I will certainly not quash the bright-eyed vision of my daughter's heart because of some completely distorted and prejudiced (and entirely adult) concept of what it is that she is so attracted to in the princess mythology. I may not be able to say exactly what that little girl is imagining in her mind when she watches a princess movie, or what she imagines herself to be when she wears a princess dress, but I can tell you this: it is not what we are imagining a princess to be.



If we see in the princess a fragile, disempowered, and dumbed-down being, she sees something more like a goddess. As adults, we may not be able to share the child's vision of the princess, but we can at least acknowledge our own ignorance and the child's innate genius for perceiving the world, including princesses, through the eyes of wonder.


The ancient philosophers believed that philosophy begins in wonder. So do science and art. Each of these are avenues of knowing and understanding the world, life, and ourselves, and of finding our way toward truth and, ultimately, wisdom. To repress a child's sense of wonder because we mistakenly believe the object of that wonder to be somehow morally corrupting even when it is having precisely the opposite effect is to harm the child's development as a fully realized human being.

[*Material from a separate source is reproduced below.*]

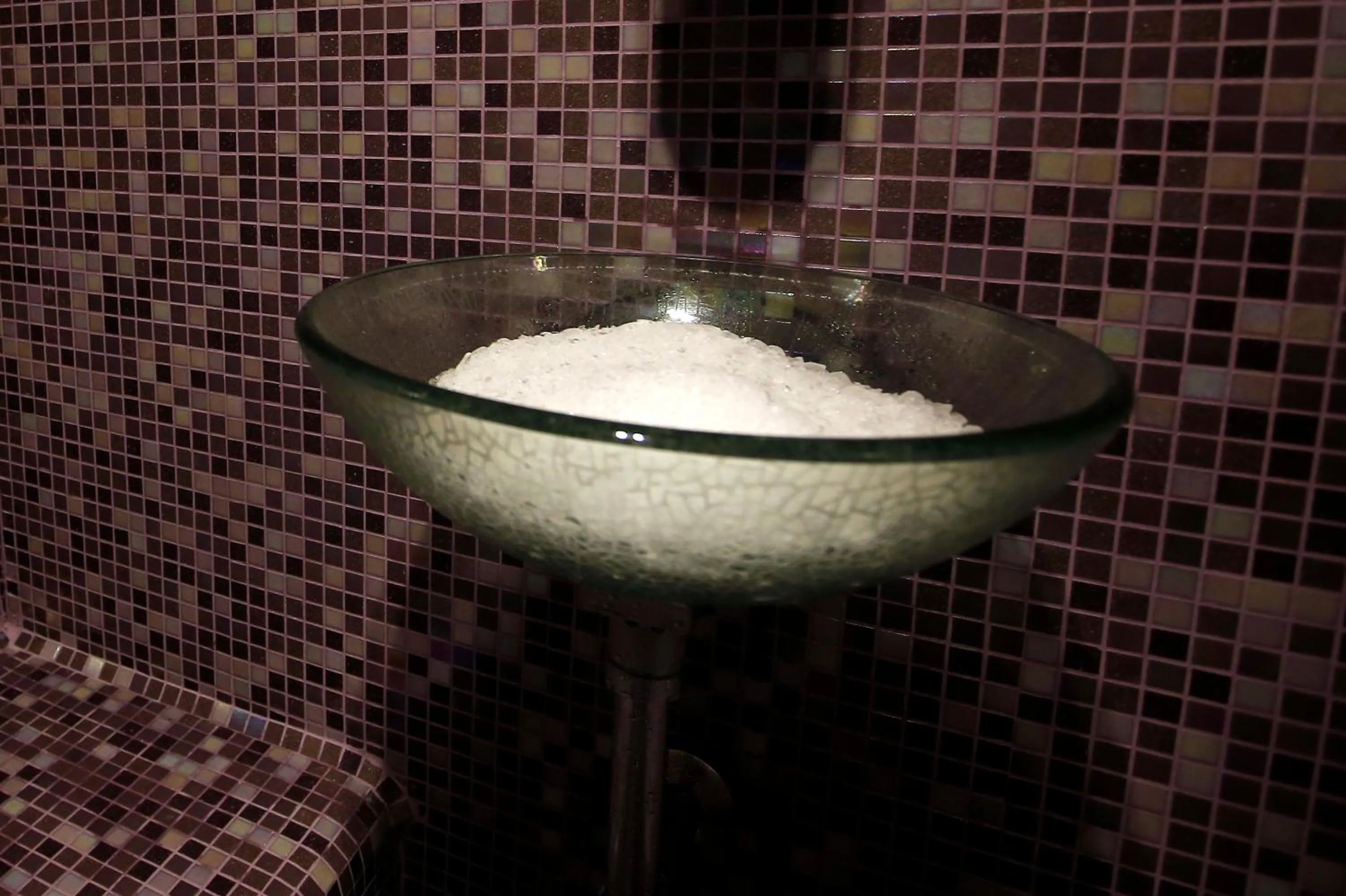 Spa and wellness centre/facilities in Hotel Villa Völgy Wellness & Konferencia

Perhaps, instead of complacently accepting our own narrow ideas about what a princess is—instead of passively accepting what Disney tells us a princess is—it would be more productive, more helpful to little girls, to let them teach us what a princess is. Perhaps if we could find the means to turn off the noise of our own political, intellectual, and moral sensibilities for just a moment, and really sit quietly and watch and listen while our daughters and nieces and granddaughters beam with delight at a princess movie, or witness the way they feel themselves to be—how, in their own mind, they are—a magical being when they put on a chintzy princess costume, we might learn something. Perhaps we might learn to expand our own horizons, to stretch our own imaginations, to consider that a princess—just possibly, just maybe—might be an intelligent, wise, powerful, creative, generous, and noble human being. Who just happens to be female. Perhaps, if we cannot conceive of a princess who matches a "prince" in all of the latter's admirable qualities and connotations, it is we who have the problem.



I for one would rather expose my daughter, over the years, to a wide variety of narratives, from many cultures and time periods, both fictional and historical, and thereby help her develop a broad, open-minded, and well-rounded view of what it means to be a woman—and, even more importantly, what it means to be a human. I will not just thoughtlessly accept the dominant 21st century American narrative about princesses (which, for better or worse, has become almost synonymous with the Disney version), either to unquestioningly accept it or to confusedly and misguidedly reject it outright.



I will instead, to the best of my ability, attempt to understand what it is that my beautiful daughter loves so much about princesses. I will not assume that I know more than she does in areas where she, as a child, is the expert. I will not impose my own adult ideas and perceptions onto her bright new mind, still unfettered in imagination and unprejudiced by anyone's politics, right or left. I will allow her to be a princess—whatever that is, whatever that means to her.



Because, although I don't really know what my daughter thinks a princess is, I know this much: it is something wonderful, and beautiful, and good—just like her.